▶ [WORK TO COMPLETE]:
With the pictures left out, retype exactly the lines below starting at the line that contains "Sami & Jo Black Paisley Cold-Shoulder Blouse" and ending at the line that contains "Elkafit28: онлайн-секс-чат".

▶ [INPUT MATERIAL]:
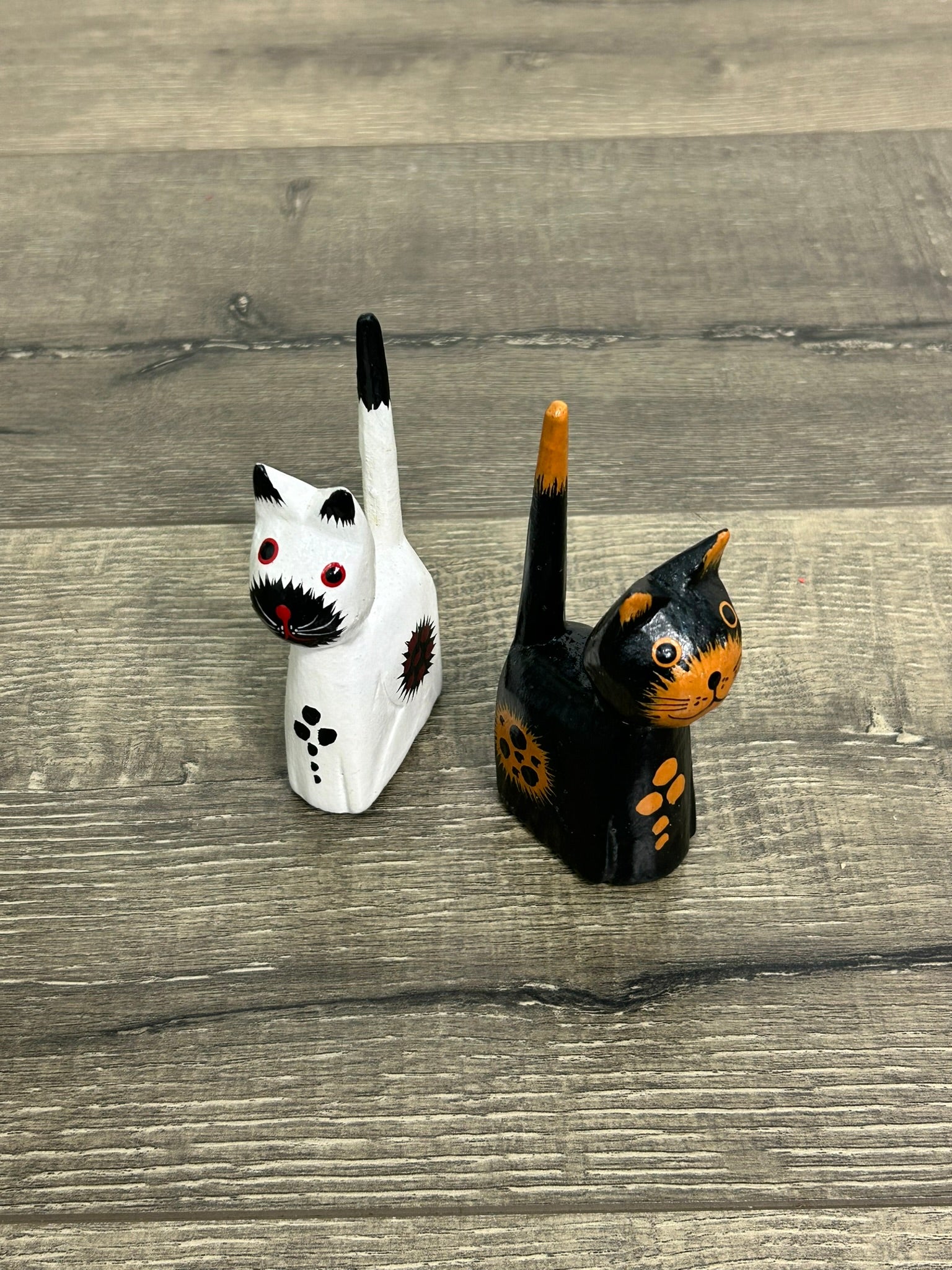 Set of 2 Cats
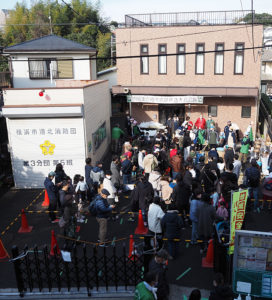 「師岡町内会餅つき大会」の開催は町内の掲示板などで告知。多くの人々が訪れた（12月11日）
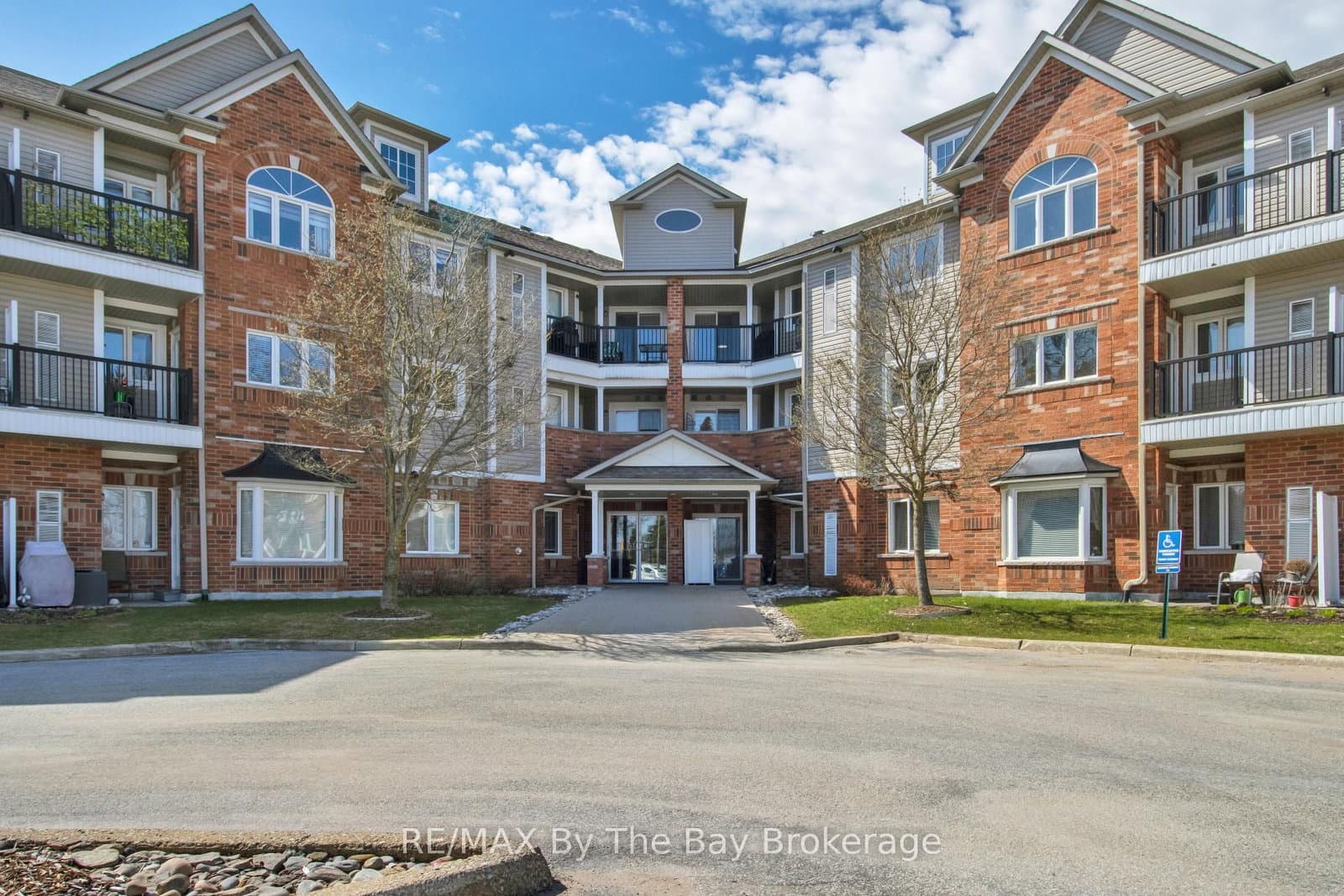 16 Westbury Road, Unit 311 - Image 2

--

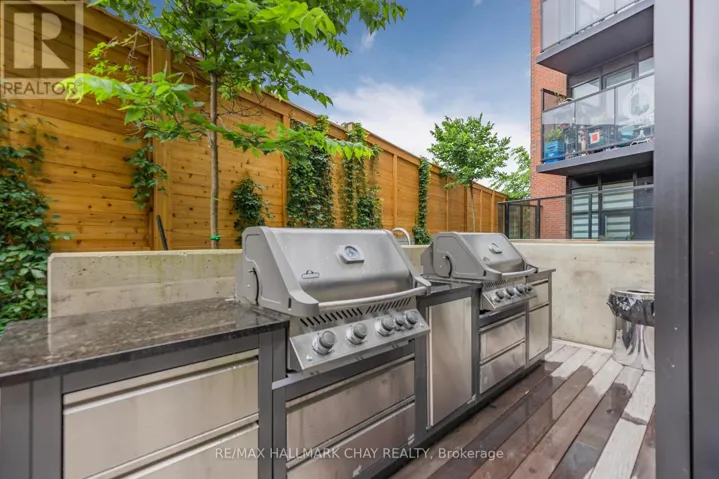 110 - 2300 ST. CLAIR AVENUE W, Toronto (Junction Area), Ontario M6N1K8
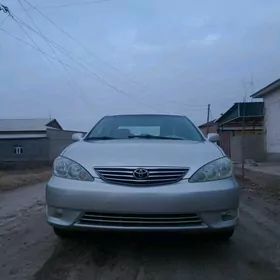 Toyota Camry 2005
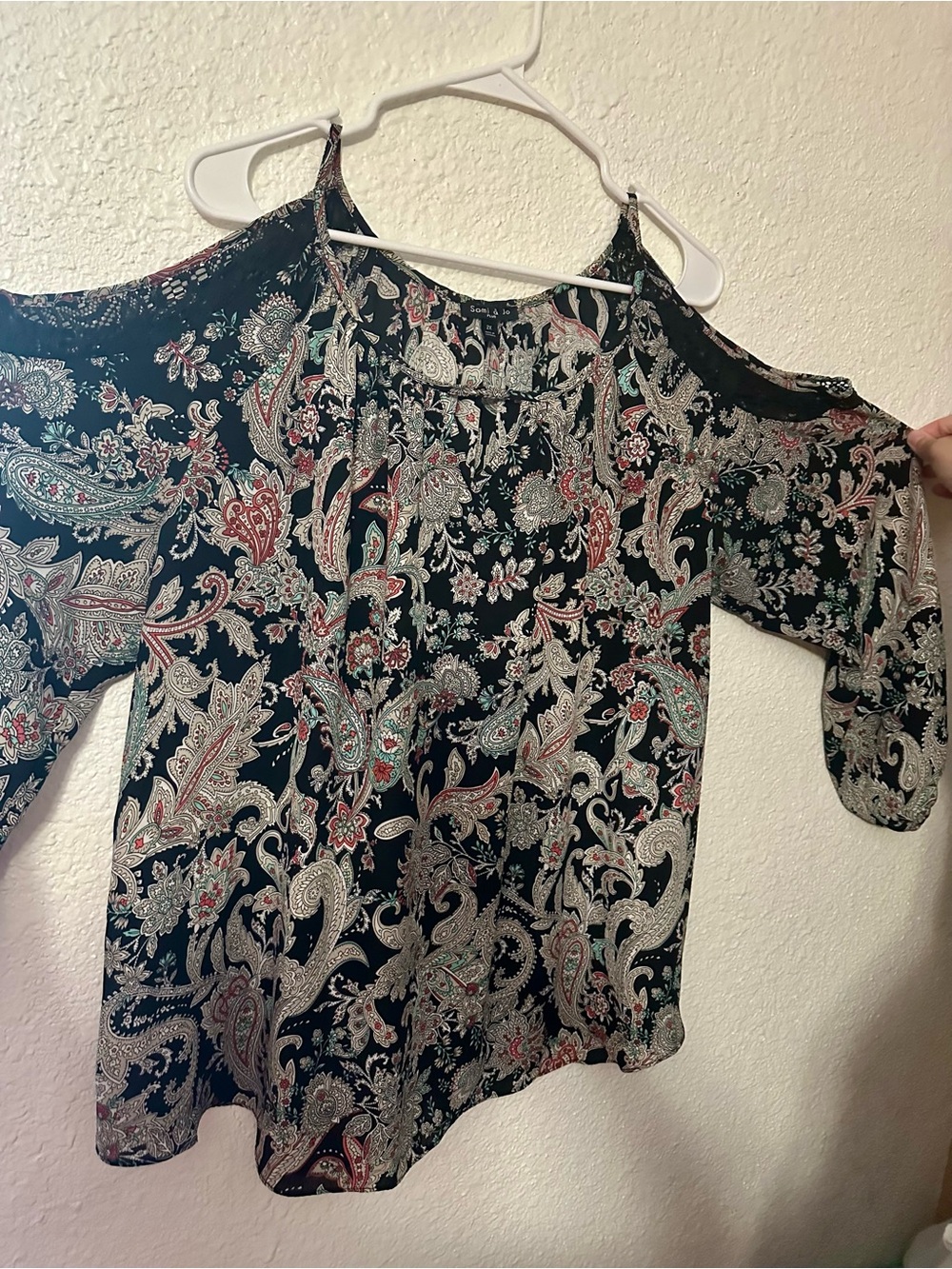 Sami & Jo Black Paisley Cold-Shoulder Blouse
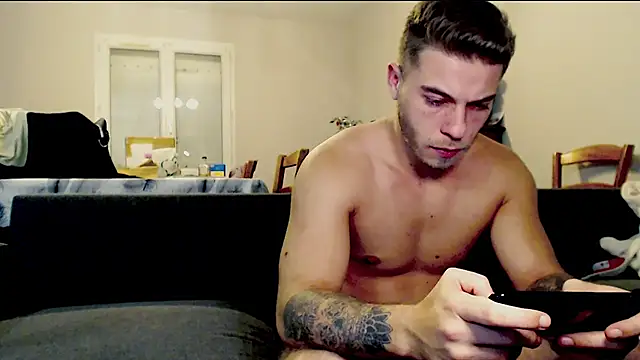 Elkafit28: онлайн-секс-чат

▶ [WRITTEN ANSWER]:
 Sami & Jo Black Paisley Cold-Shoulder Blouse
 Elkafit28: онлайн-секс-чат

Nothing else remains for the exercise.